DATA FOR ANALYSIS
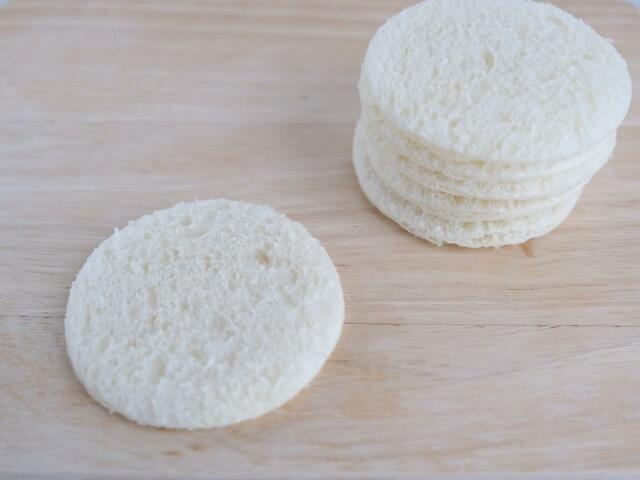 【スマッシュケーキの作り方】くり抜いたパン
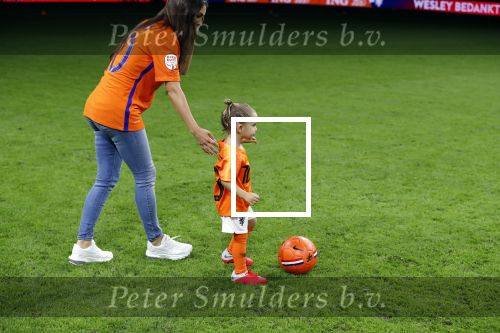 Amsterdam 6 mei 2018
Nederland-Peru 2-1 . Afscheidswedstrijd Wesley Sneijder . Zijn vrouw Yolanthe Sneijder Cabau en zoons Jessey en Xess Xava zijn natuurlijk aanwezig.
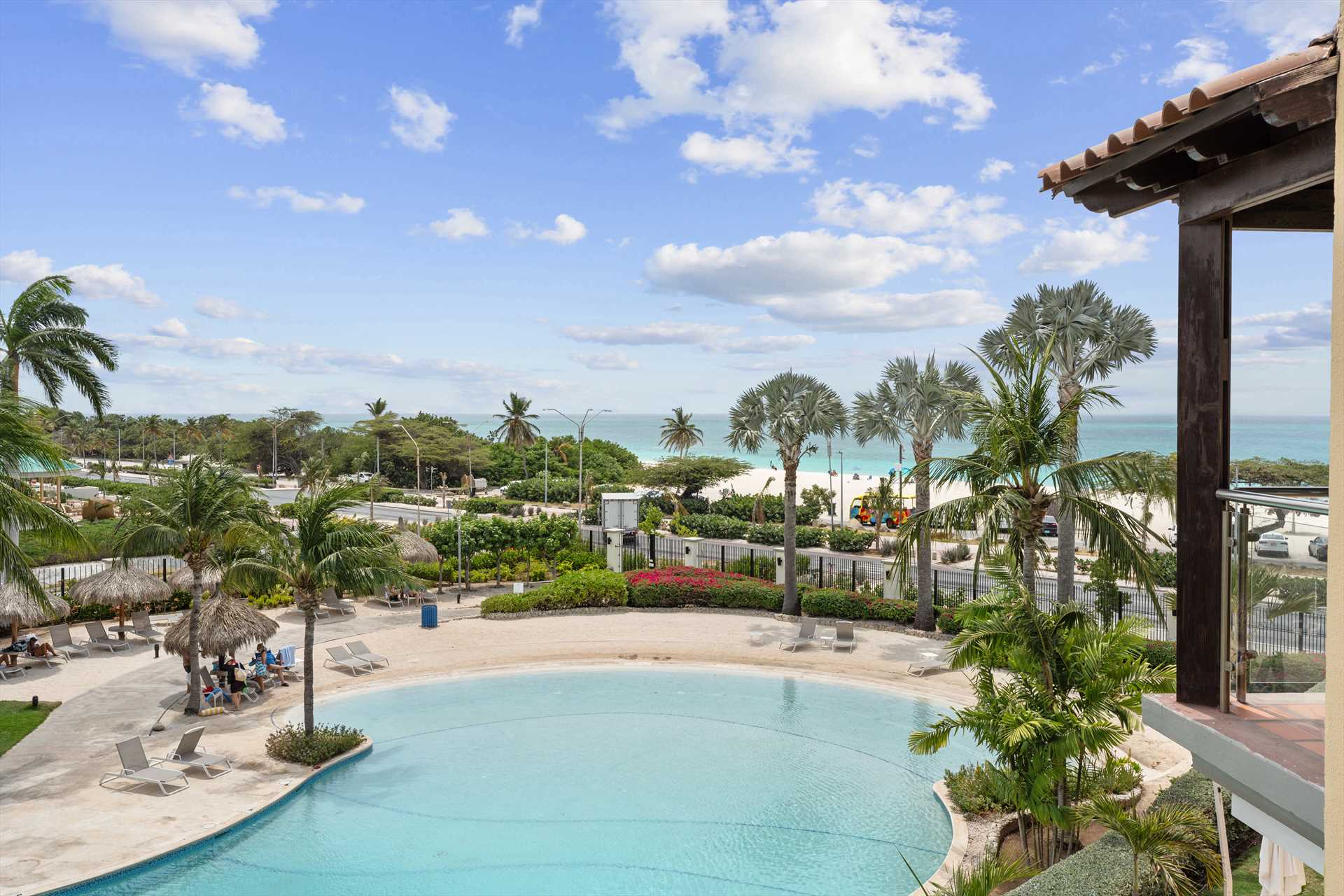 Deluxe View One-bedroom condo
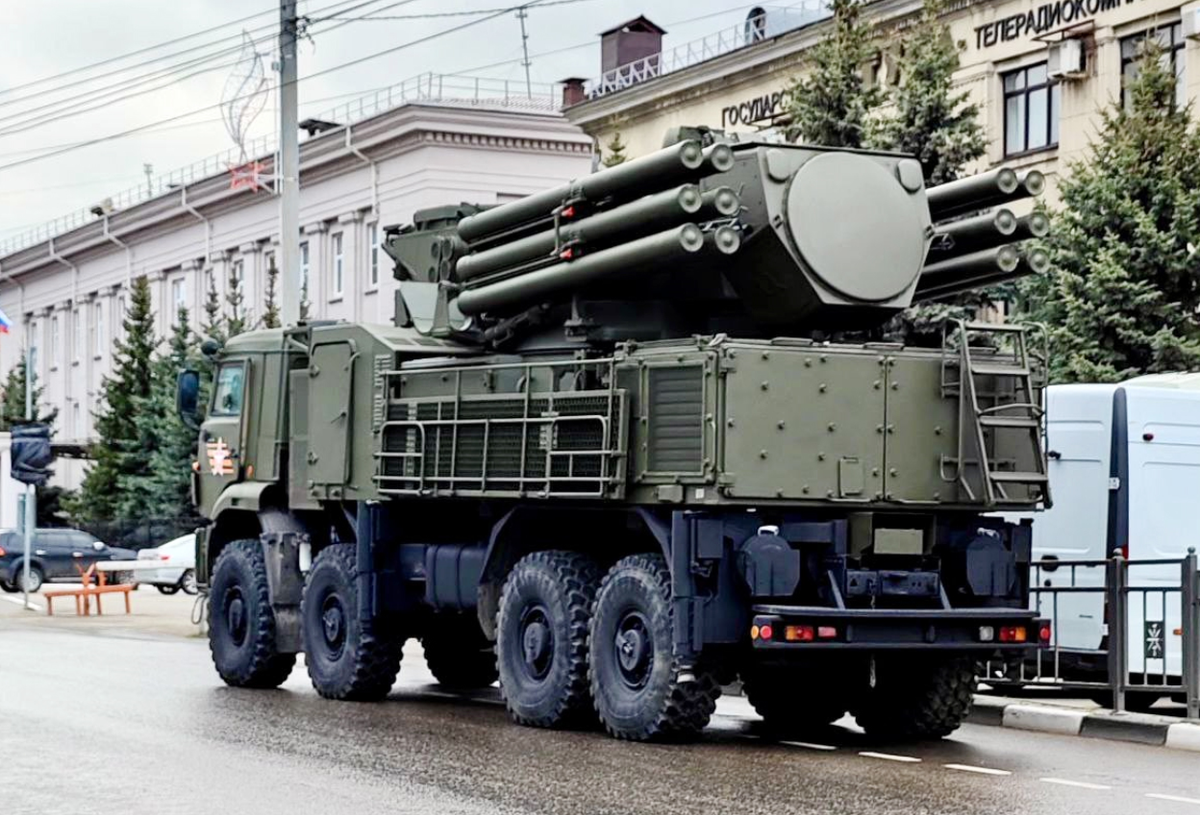 Trích dẫn một số tuyên bố chính thức của Kyrylo Budanov: “Tôi có thể nói với các bạn rằng, hệ thống phòng không Pantsir-S1 đầu tiên đã xuất hiện ở Bình Nhưỡng. Chúng đã có mặt trong nhiệm vụ chiến đấu ở đó, bảo vệ thủ đô của Triều Tiên”. Ảnh: @ ODIN - OE Data Integration Network.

BRIEF
Your copy should hold each line above exactly and no pictures at all.

RESULT FOR THIS EXERCISE
 【スマッシュケーキの作り方】くり抜いたパン
 Amsterdam 6 mei 2018
Nederland-Peru 2-1 . Afscheidswedstrijd Wesley Sneijder . Zijn vrouw Yolanthe Sneijder Cabau en zoons Jessey en Xess Xava zijn natuurlijk aanwezig.
 Deluxe View One-bedroom condo
 Trích dẫn một số tuyên bố chính thức của Kyrylo Budanov: “Tôi có thể nói với các bạn rằng, hệ thống phòng không Pantsir-S1 đầu tiên đã xuất hiện ở Bình Nhưỡng. Chúng đã có mặt trong nhiệm vụ chiến đấu ở đó, bảo vệ thủ đô của Triều Tiên”. Ảnh: @ ODIN - OE Data Integration Network.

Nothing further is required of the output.